A packed cup and a loose cup won’t match. Nuts shift and settle, so volume scoops swing wide. A quick weigh avoids that spread. If you only have cups, assume whole kernels sit at roughly 143 g per level cup, which is about 828 calories. Reference.

Raw Vs Roasted Almonds

Roasting can nudge calories. A dry roast comes in near raw. Oil-roasting adds a small bump thanks to surface oil. Per ounce, typical figures land around 164 kcal for raw, near 170 kcal for dry-roasted, and near 172 kcal for oil-roasted. Raw, Dry-roasted, Oil-roasted.

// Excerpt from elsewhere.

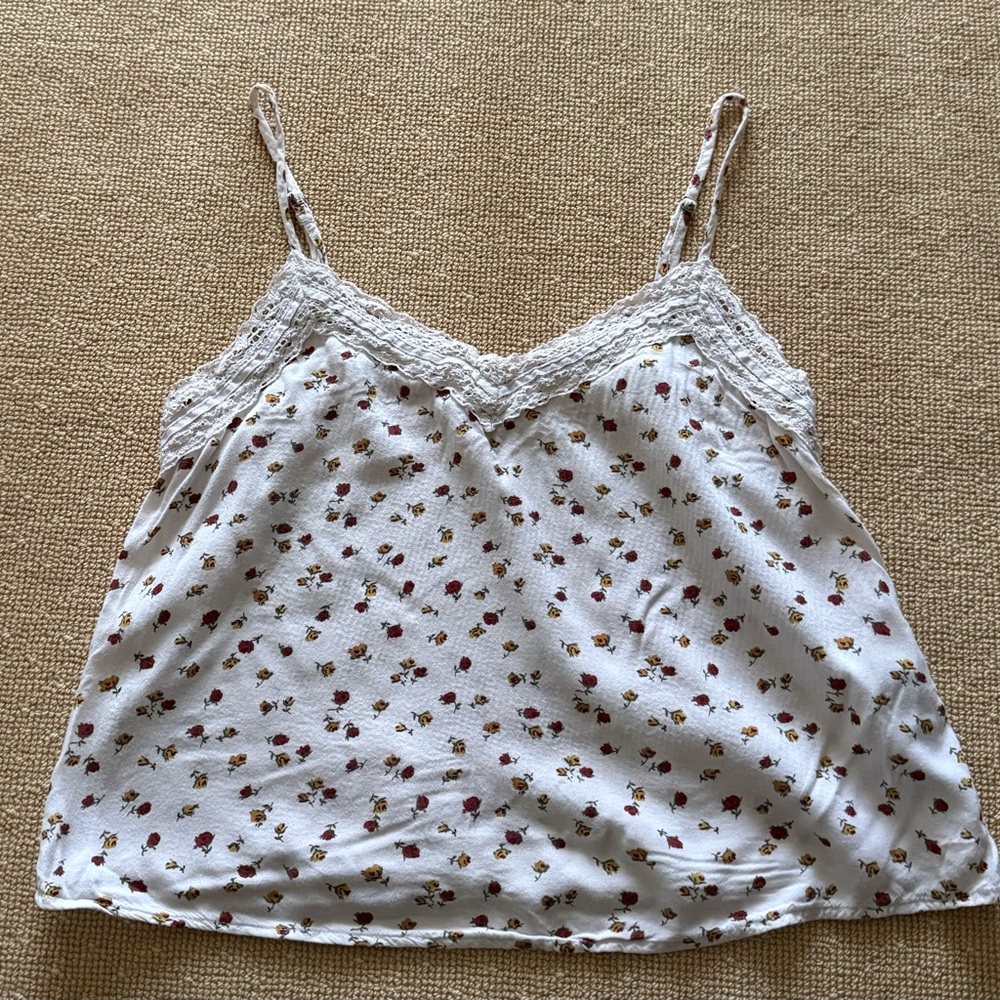 Hollister floral lace cami tank top white S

Whole, Slivered, Or Ground

Cut style doesn’t change calories in the kernel itself. It changes how tightly a measure packs. Slivered or sliced almonds can fit more mass into the same spoon or cup, which raises total calories for that scoop. Weighing sidesteps that quirk.

How Many Almonds Count As A Serving?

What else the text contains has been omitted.